▸ Activity
Your answer should repeat exactly the lines from the one holding "LARGE FUSION FLAT" through the end of the data, and it should contain no pictures.

▸ Data for the task
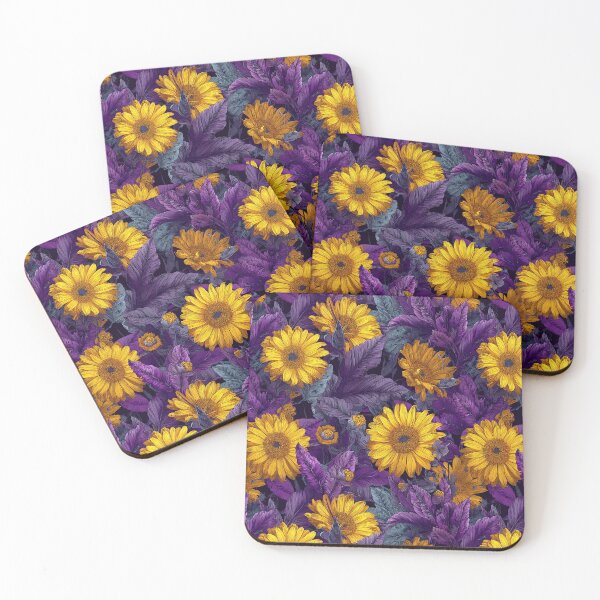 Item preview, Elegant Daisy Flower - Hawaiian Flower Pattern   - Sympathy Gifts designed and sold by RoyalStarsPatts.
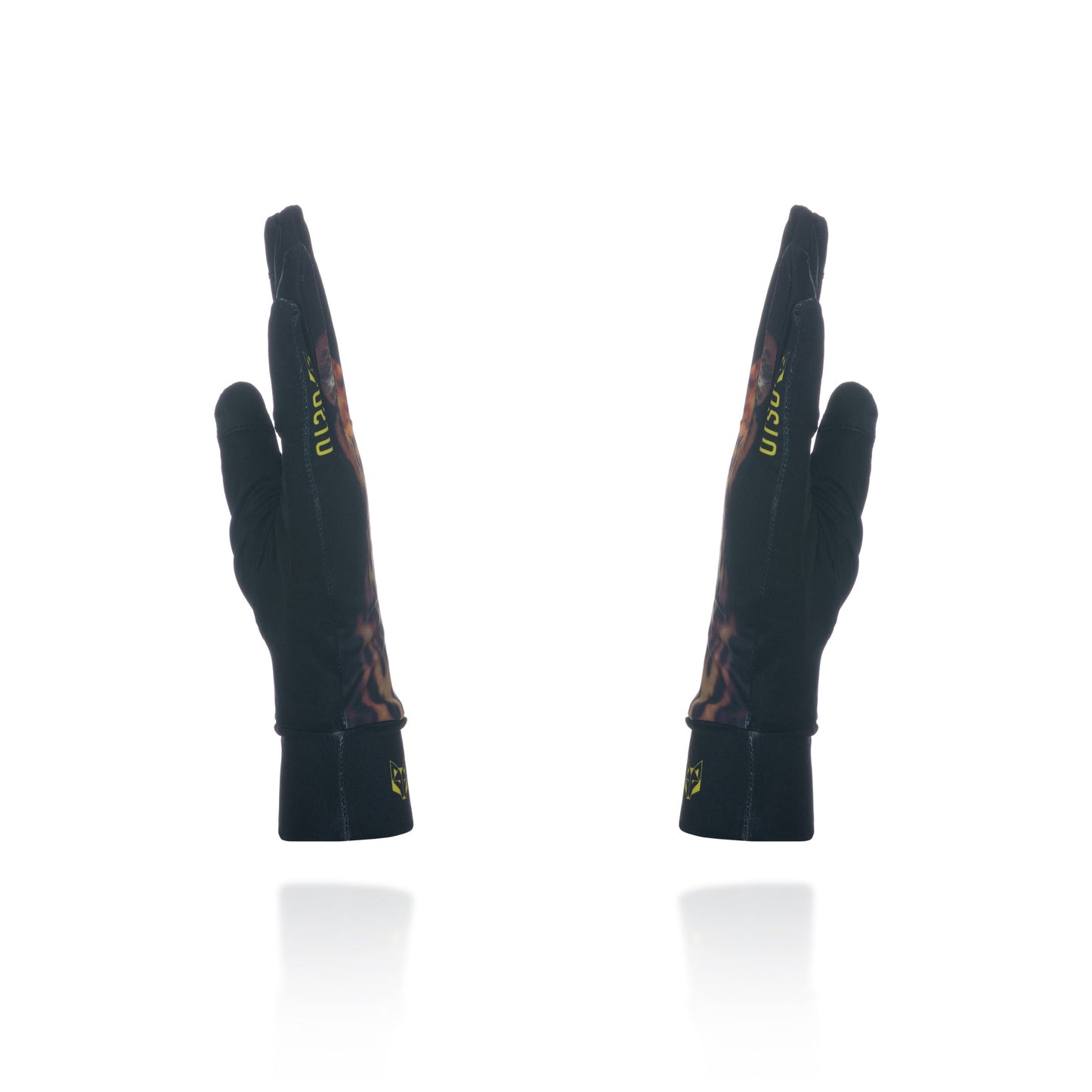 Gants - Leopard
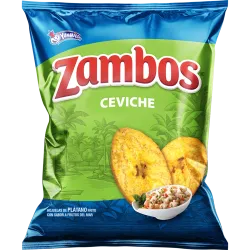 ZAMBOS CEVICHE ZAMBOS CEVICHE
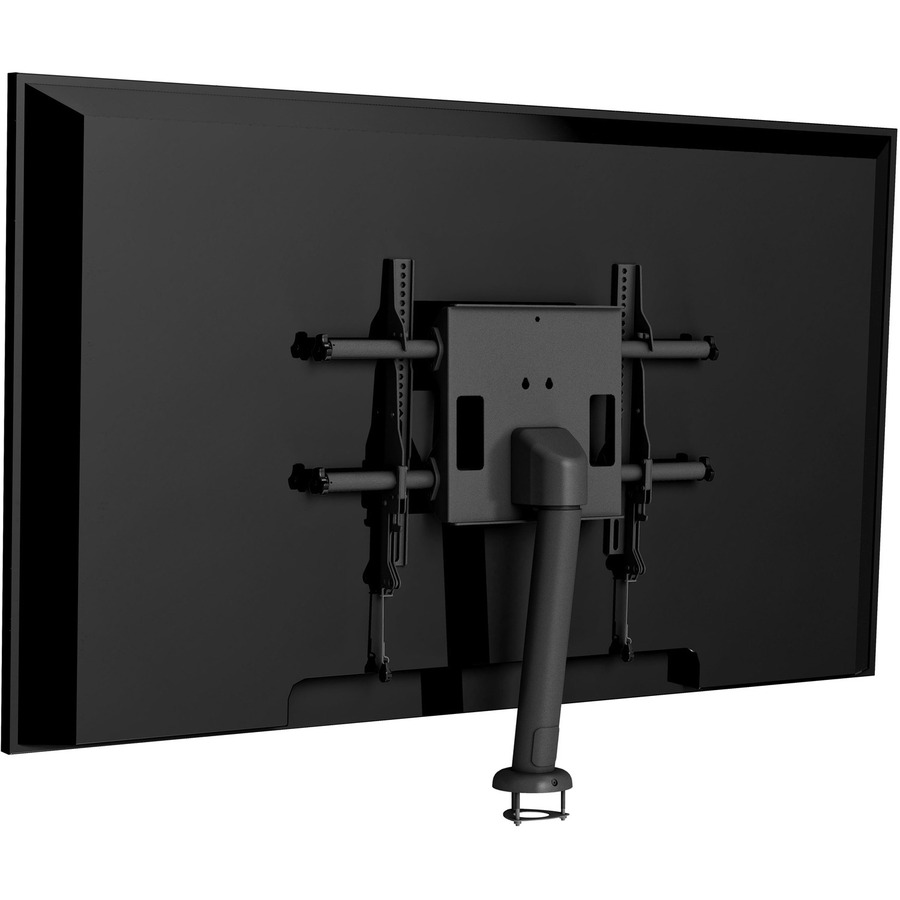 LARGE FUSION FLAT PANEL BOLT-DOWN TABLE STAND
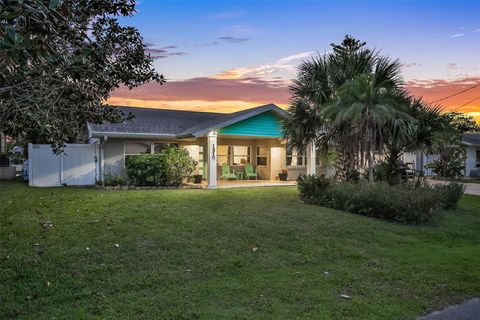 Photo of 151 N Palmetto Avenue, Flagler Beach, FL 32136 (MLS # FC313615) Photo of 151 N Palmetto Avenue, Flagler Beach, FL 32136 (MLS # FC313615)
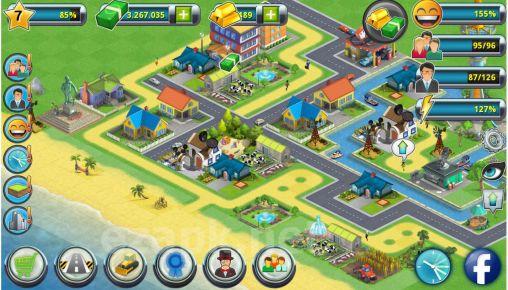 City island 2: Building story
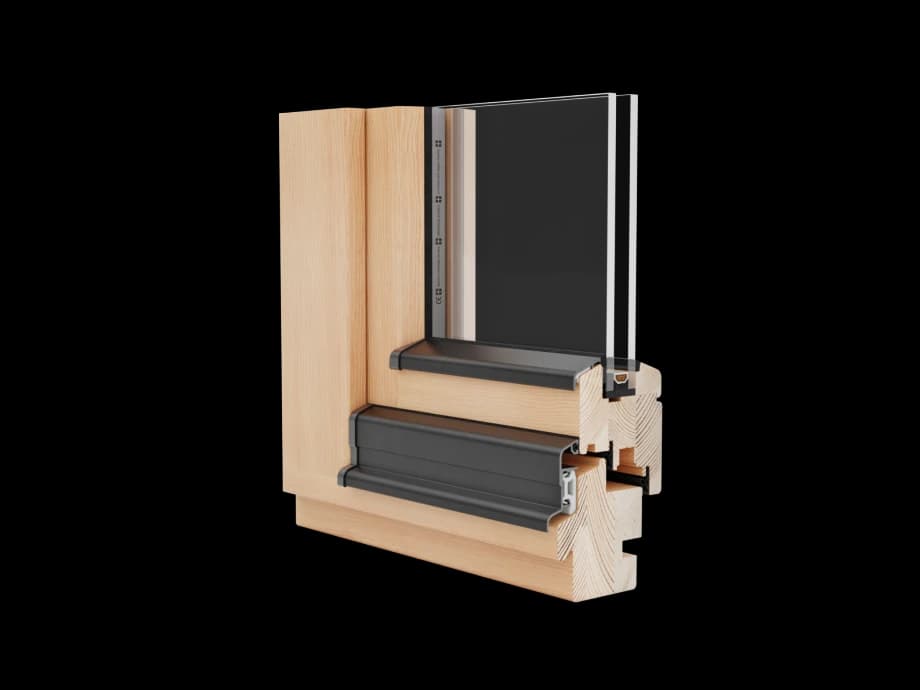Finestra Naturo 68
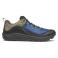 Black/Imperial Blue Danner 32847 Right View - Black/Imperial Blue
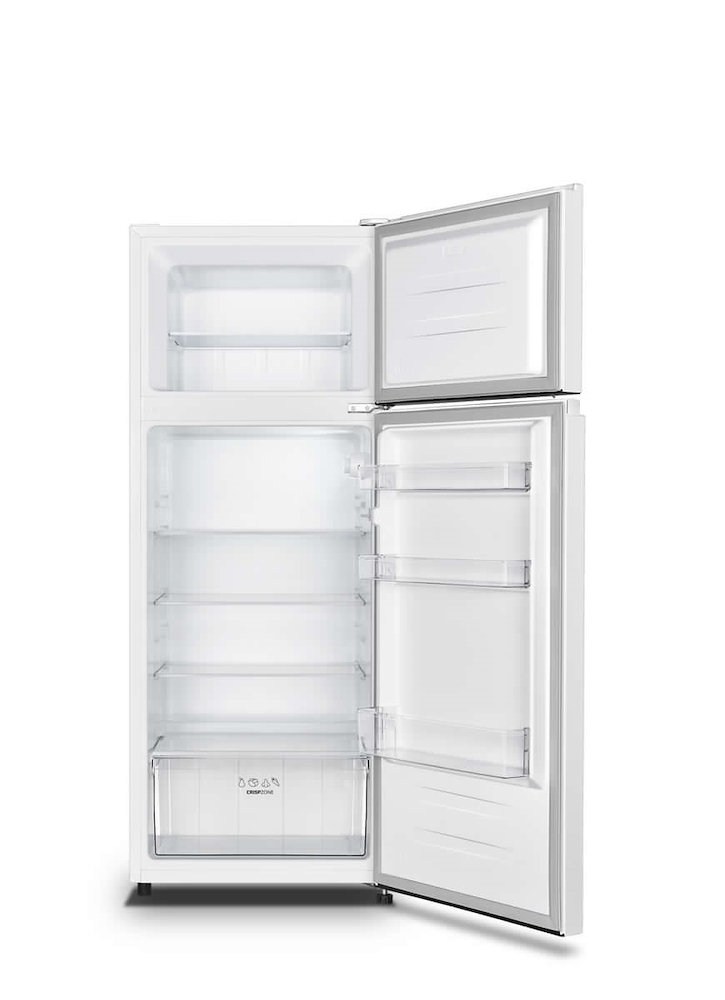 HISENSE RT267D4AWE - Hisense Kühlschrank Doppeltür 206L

▸ Response below
 LARGE FUSION FLAT PANEL BOLT-DOWN TABLE STAND
 Photo of 151 N Palmetto Avenue, Flagler Beach, FL 32136 (MLS # FC313615) Photo of 151 N Palmetto Avenue, Flagler Beach, FL 32136 (MLS # FC313615)
 City island 2: Building story
Finestra Naturo 68
 Black/Imperial Blue Danner 32847 Right View - Black/Imperial Blue
 HISENSE RT267D4AWE - Hisense Kühlschrank Doppeltür 206L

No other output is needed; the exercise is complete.